BEGIN

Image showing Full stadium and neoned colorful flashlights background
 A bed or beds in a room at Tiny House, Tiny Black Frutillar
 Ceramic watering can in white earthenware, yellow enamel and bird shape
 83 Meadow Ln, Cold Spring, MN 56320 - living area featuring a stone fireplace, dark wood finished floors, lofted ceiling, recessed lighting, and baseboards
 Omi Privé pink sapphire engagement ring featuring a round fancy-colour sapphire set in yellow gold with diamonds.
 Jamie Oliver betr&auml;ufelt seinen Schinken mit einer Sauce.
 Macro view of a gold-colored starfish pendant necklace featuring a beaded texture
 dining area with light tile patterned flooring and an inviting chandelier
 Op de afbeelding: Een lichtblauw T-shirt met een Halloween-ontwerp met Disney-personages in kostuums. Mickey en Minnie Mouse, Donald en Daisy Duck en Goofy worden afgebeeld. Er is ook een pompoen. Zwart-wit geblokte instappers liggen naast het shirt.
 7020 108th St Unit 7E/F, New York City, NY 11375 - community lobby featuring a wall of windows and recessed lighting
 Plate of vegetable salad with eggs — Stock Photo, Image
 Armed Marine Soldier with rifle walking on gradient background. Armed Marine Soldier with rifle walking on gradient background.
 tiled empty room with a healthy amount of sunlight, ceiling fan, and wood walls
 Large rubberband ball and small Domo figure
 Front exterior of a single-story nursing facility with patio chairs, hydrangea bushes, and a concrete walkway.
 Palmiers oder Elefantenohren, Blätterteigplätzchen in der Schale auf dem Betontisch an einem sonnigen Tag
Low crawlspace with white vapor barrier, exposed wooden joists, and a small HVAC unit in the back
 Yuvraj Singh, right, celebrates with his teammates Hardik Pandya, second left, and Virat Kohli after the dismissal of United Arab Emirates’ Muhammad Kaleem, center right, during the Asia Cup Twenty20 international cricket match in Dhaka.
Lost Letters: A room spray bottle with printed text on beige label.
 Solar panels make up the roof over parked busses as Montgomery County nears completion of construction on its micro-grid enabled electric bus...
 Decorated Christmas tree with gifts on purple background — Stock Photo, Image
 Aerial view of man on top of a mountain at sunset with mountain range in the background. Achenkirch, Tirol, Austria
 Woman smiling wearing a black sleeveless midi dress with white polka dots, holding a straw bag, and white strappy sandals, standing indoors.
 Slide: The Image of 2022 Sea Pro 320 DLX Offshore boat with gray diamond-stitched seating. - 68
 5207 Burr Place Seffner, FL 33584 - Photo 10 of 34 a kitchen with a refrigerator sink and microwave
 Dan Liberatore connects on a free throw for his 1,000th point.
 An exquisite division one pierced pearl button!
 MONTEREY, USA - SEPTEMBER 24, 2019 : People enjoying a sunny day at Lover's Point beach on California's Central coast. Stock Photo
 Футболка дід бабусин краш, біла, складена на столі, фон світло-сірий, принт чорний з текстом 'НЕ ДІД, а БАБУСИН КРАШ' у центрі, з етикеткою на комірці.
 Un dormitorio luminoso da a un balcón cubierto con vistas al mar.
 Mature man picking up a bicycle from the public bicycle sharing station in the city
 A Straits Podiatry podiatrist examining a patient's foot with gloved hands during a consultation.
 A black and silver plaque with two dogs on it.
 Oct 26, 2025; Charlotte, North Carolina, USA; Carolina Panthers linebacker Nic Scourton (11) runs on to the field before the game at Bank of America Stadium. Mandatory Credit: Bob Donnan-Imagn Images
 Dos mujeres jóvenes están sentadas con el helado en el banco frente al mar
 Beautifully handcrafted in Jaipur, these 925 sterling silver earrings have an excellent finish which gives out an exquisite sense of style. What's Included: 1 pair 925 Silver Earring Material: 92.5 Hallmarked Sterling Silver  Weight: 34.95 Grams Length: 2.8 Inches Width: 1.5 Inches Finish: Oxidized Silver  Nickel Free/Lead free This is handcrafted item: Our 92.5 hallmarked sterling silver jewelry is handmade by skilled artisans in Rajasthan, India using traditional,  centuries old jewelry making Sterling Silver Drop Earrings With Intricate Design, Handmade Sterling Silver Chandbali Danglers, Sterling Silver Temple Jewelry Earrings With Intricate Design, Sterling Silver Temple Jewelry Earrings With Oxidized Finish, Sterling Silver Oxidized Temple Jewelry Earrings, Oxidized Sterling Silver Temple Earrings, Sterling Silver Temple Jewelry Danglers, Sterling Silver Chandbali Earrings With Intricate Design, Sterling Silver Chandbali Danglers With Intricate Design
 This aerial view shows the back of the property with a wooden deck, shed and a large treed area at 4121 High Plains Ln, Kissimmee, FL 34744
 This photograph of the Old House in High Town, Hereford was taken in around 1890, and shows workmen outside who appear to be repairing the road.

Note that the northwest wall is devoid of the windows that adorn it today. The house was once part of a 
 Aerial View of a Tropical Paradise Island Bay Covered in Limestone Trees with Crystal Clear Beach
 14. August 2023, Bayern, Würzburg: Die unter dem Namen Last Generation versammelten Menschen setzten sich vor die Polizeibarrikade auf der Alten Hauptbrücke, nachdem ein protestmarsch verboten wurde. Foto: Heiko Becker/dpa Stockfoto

END

→ Exercise requirements
Repeat exactly the lines of the listing above, from the one with "Plate of vegetable" down to the one with "Front exterior of"; both of those lines belong in the range.

→ The answer
 Plate of vegetable salad with eggs — Stock Photo, Image
 Armed Marine Soldier with rifle walking on gradient background. Armed Marine Soldier with rifle walking on gradient background.
 tiled empty room with a healthy amount of sunlight, ceiling fan, and wood walls
 Large rubberband ball and small Domo figure
 Front exterior of a single-story nursing facility with patio chairs, hydrangea bushes, and a concrete walkway.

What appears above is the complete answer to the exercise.